Voorts biedt de wet de mogelijkheid dat een aandeelhouder in gevallen die in de statuten zijn omschreven, verplicht is zijn aandelen aan de vennootschap dan wel aan een of meer medeaandeelhouders over te dragen. Voorbeelden van bij de in de statuten te omschrijven gevallen zijn het verlies van een bepaalde kwaliteit, bijvoorbeeld het vereiste dat een aandeelhouder een bepaald beroep moet uitoefenen en gevallen als faillissement van een aandeelhouder of overgang van aandelen krachtens erfrecht bij overlijden.
Van welke mogelijkheid zou Carlos in ons inleidende voorbeeld van hierboven gebruik kunnen maken? Carlos zou kunnen stellen dat het handelen van Arthur en Beatrice met zich meebrengt dat het voortduren van zijn aandeelhouderschap in redelijkheid niet meer van hem kan worden gevergd en dat de vennootschap dan ook zijn aandelen dient over te nemen. Maar zal een dergelijk beroep slagen? In een vergelijkbaar geval dat zich in Nederland heeft afgespeeld, heeft de rechter vorig jaar overwogen dat het enkele feit dat een aandeelhouder door haar medeaandeelhouders is ontslagen als bestuurder, niet met zich meebrengt dat het voortduren van haar aandeelhouderschap in redelijkheid niet meer van haar kan worden gevergd. Volgens de rechter zijn daarvoor bijkomende zwaarwegende omstandigheden vereist. Het feit dat het ontslag zonder voorafgaande waarschuwing is gebeurd was onvoldoende zwaarwegend. Van belang achtte de rechter voorts dat het ontslagbesluit geen wijziging heeft gebracht in de bestaande aandelenverhouding. Wellicht speelde in dit geval ook mee dat de ontslagen bestuurder weliswaar formeel bestuurder was, maar zich nooit echt met het feitelijk bestuur heeft beziggehouden.
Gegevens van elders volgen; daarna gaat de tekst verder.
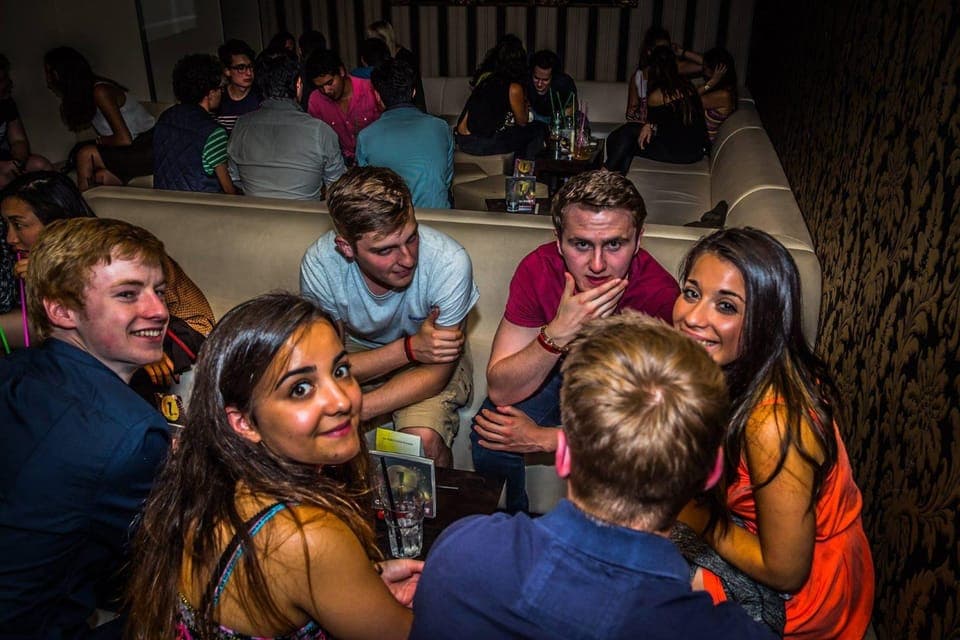 Pub Crawl with Shots and Nightclub Entry Gallery Image 3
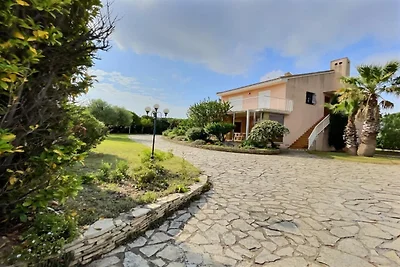 Villa con piscina per 10 ospiti
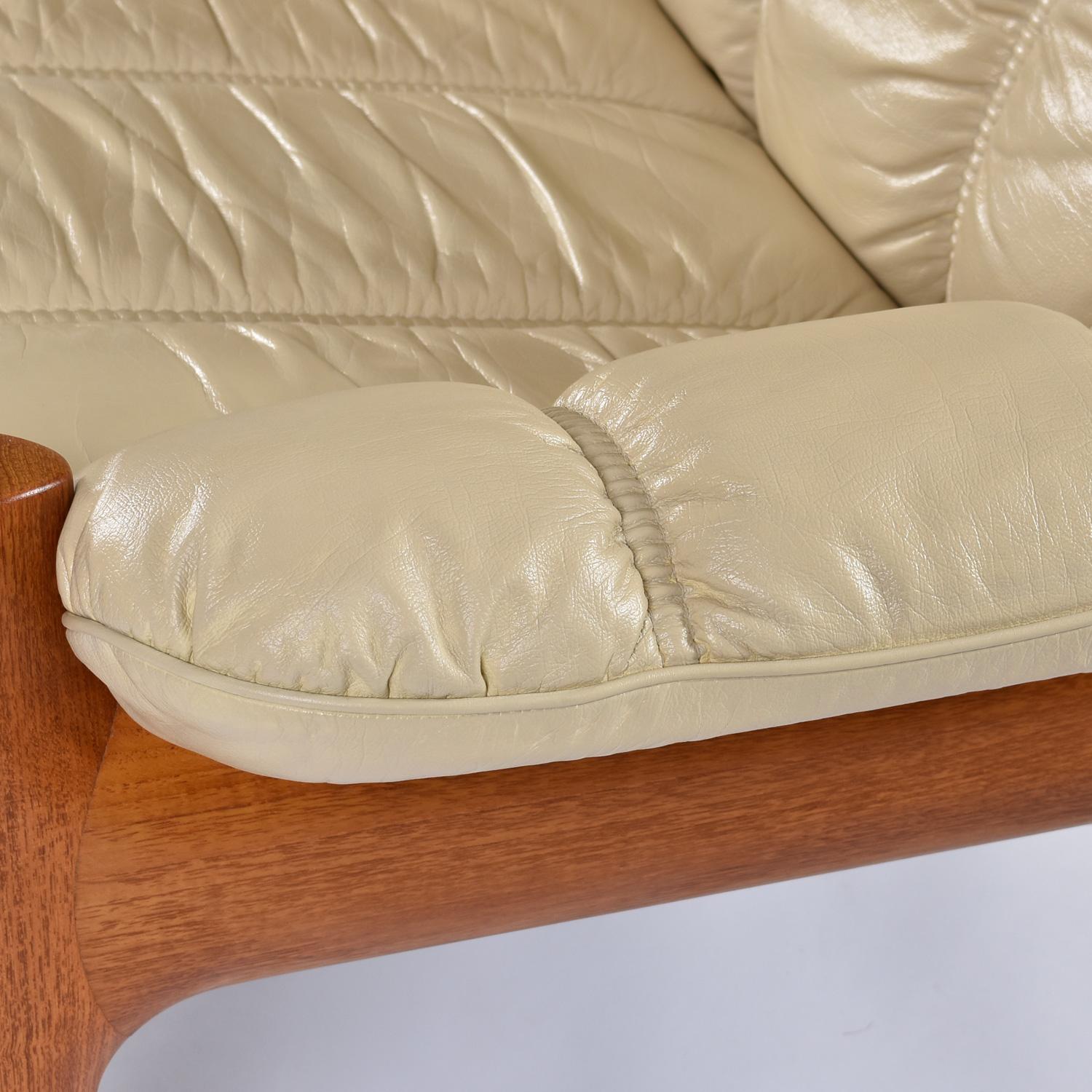 Restored Stressless Ekornes Montana Solid Teak Sofa in Ivory Leather In Good Condition In Chattanooga, TN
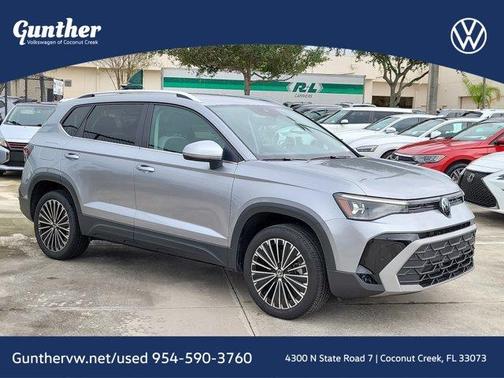 2025 Volkswagen Taos 1.5T SE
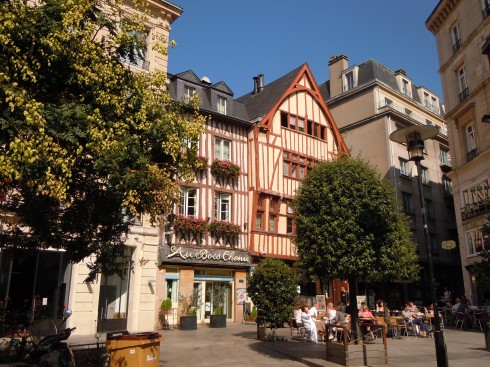 Rouens historiske senter er en av de triveligste og mest gjennomførte gamlebyene vi har besøkt. Er du på disse kanter, så stopp for minst to døgn. Foto: © reisdit.no Rouen, bindingsverk, Vieux Ville, Unescos liste over Verdensarven, Normandie, Vest-Frankrike, Frankrike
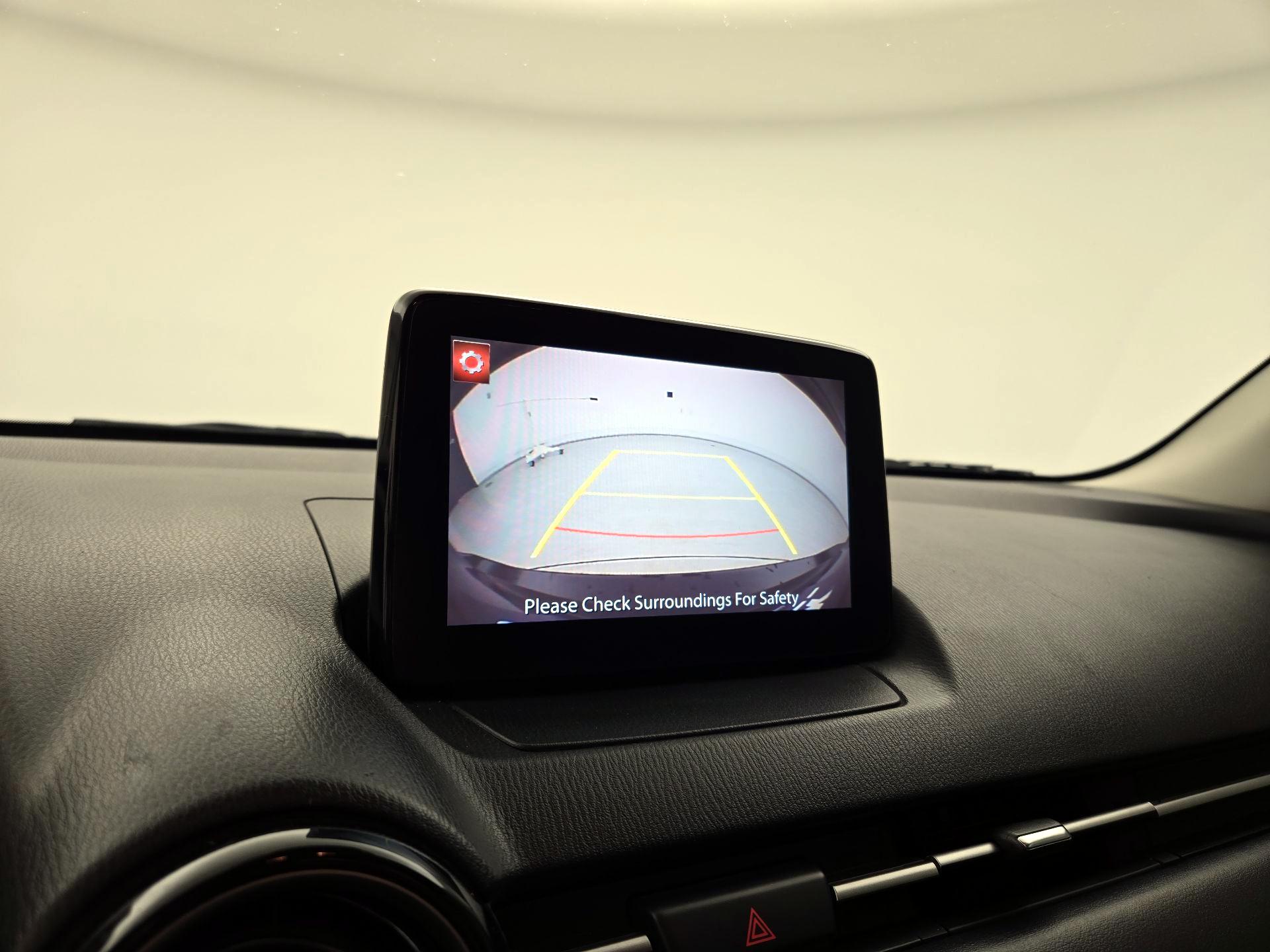 Thumbnail: 2019 Toyota Yaris - 14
Eerder heeft de (Nederlandse) rechter namelijk overwogen dat zelfs indien het ontslag als bestuurder niet onredelijk was, de aandeelhouder kon uittreden wegens ‘degradatie van betrokkenheid als gevolg van gewijzigde omstandigheden’. Het lijkt er op dat als de intentie van de aandeelhouders erop is gericht dat het aandelenpakket onlosmakelijk verbonden is met de functie van bestuurder, een minderheidsaandeelhouder in geval van zijn ontslag als bestuurder wegens ‘degradatie van betrokkenheid als gevolg van gewijzigde omstandigheden’ met succes overname van zijn aandelen door de vennootschap kan vorderen, tenzij hij zich in de praktijk niet met het bestuur van de vennootschap heeft beziggehouden.